The Defense Advanced Research Project Agency’s (DARPA’s) Micro Air Vehicle (MAV) program, a pathfinder for today’s Organic Air Vehicle (OAV) effort, proved the feasibility of building miniature unmanned vehicles.

A key player was AeroVironment Inc., Monrovia, Calif., which developed the Black Widow aircraft, a 6-inch (15-cm)-wide, propeller-driven flying wing. The craft features a 0.35-ounce (10-gram) avionics package, representing "the most mature, sophisticated avionics of any of the small planes," says Matt Keennon, the company’s MAV program manager. Two microprocessors serve as its main flight computer and two microactuators control tail surfaces (elevator and rudder). The UAV has a two-axis magnetometer for compass heading, a rate gyro for wing leveling, and a pitot-static probe for air speed and pressure altitude.

Black Widow has flown 1.1 miles (1.7 km) away from the ground station under 100% solid control. It can fly from 8 to 800 feet above the launch point. The UAV receives digital commands through a UHF/FM uplink. Bomb/chemical detection and law enforcement, as well as military applications, are possible.

Although the MAV program no longer exists, AeroVironment continues small vehicle R&D under other DARPA programs, Keennon says. Areas of interest include longer-endurance fuel cells and lithium polymer batteries.

AeroVironment also worked on the MAV program’s flapping-wing Micro Bat vehicle and built a 9-inch (23-cm)-wingspan flying prototype as a subcontractor to the California Institute of Technology, Keennon says. (The vehicle later moved to DARPA’s Micro Adaptive Flow Control program.)

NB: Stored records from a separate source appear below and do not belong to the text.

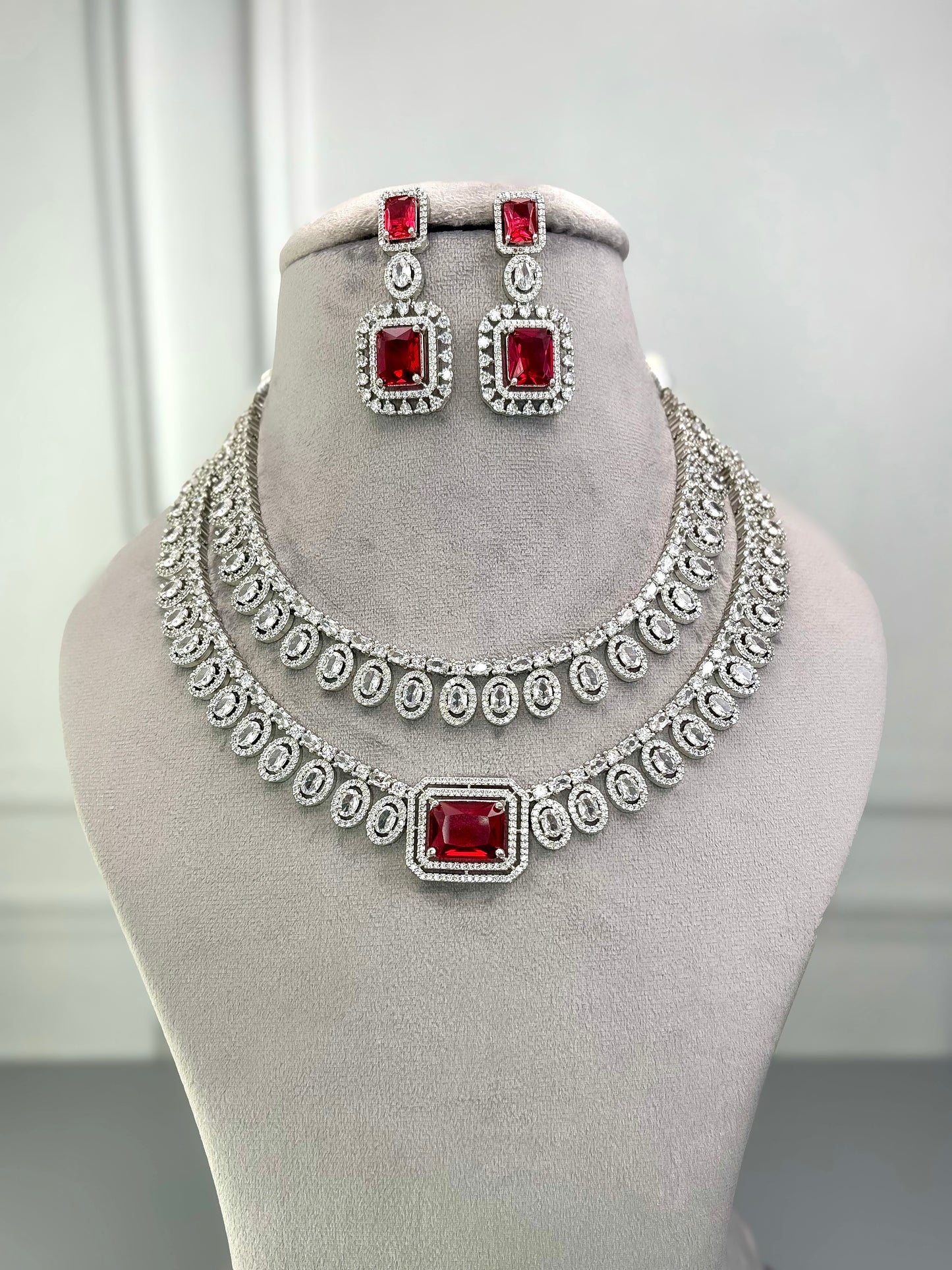 Layla Ruby Red Layered AD Necklace Set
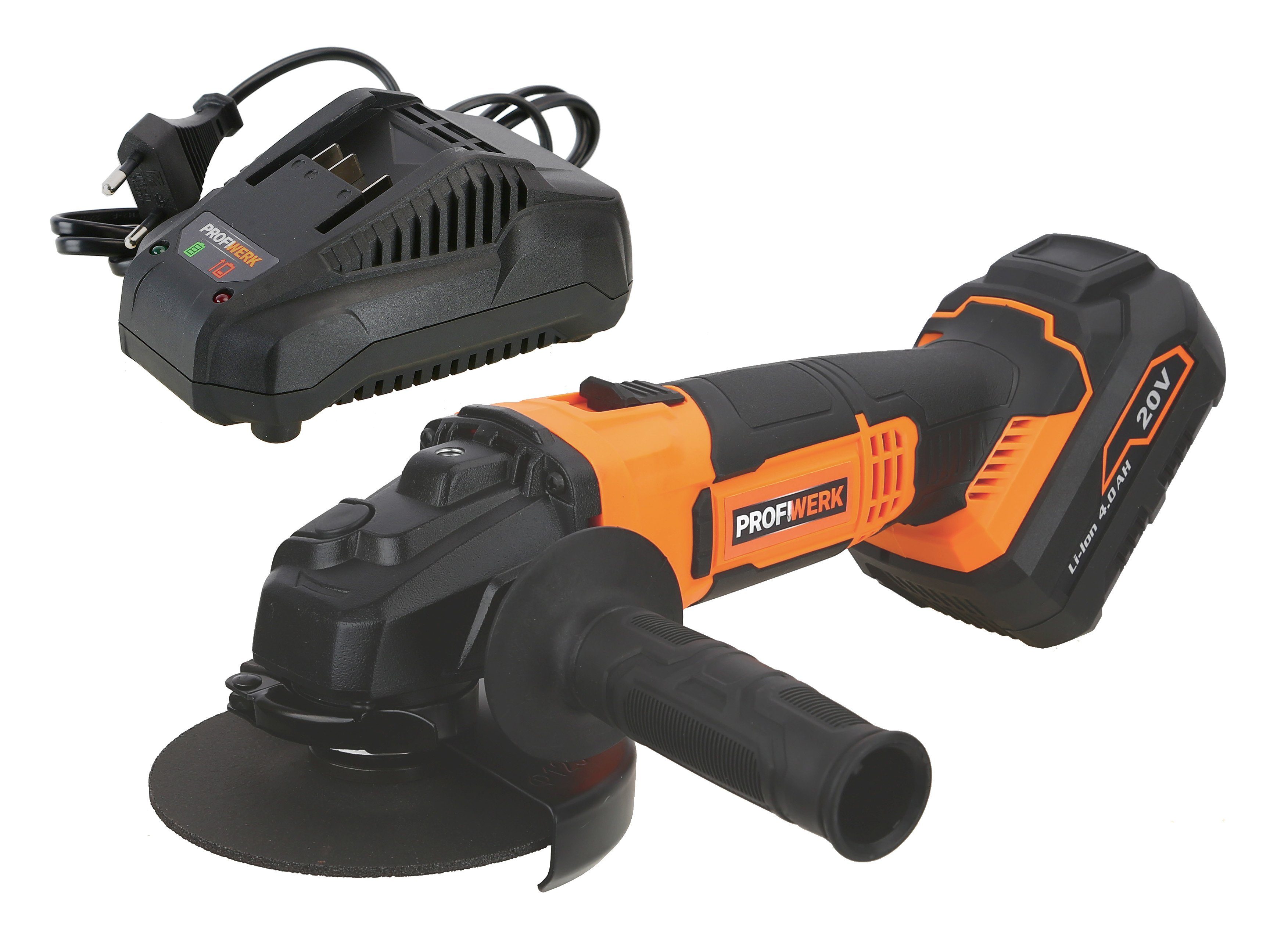 Profiwerk Akku-Winkelschleifer PWWS25-01-Kit 20V, 125mm, M14, 4Ah Akku, max. 10000 U/min, Netzteil, Sicherungsmutternschlüssel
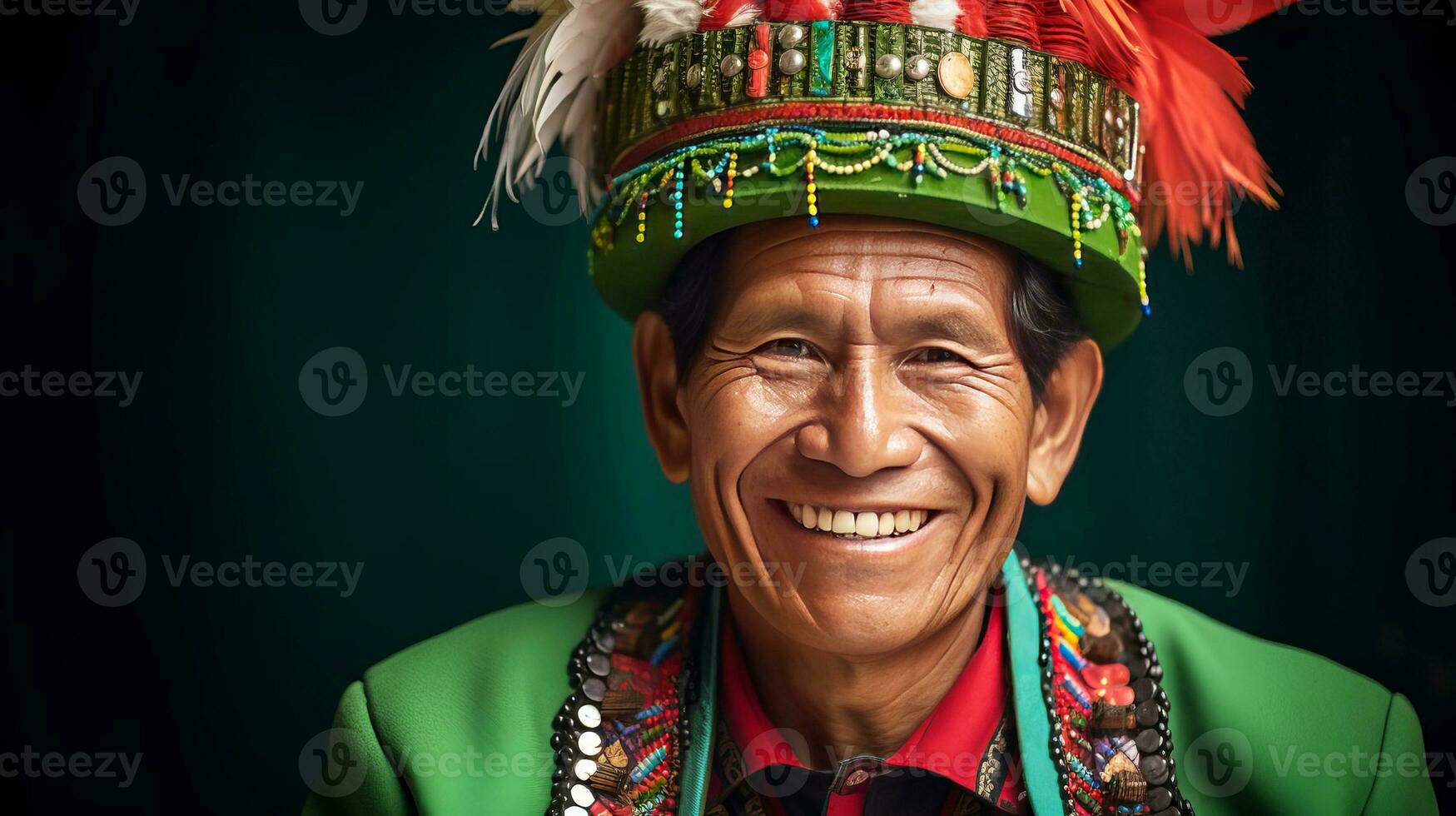 Peruvian man in festive national clothes, smiling.  AI generated. photo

This sparrow-sized UAV "looks and sounds like a bird when flying," he says. Flight time so far has been about 40 seconds with remote piloting through radio control. The 0.4-ounce (12-gram) prototype uses an 8-bit processor for its main computer and has a range of about 500 feet (152 meters).

Although this type of aircraft is still in the experimental stage, "in the very long term, micro-size UAVs will most likely have flapping wings," Keennon predicts. "As you get smaller and smaller, the operation of a propeller appears to be not the most efficient way of putting energy into the air."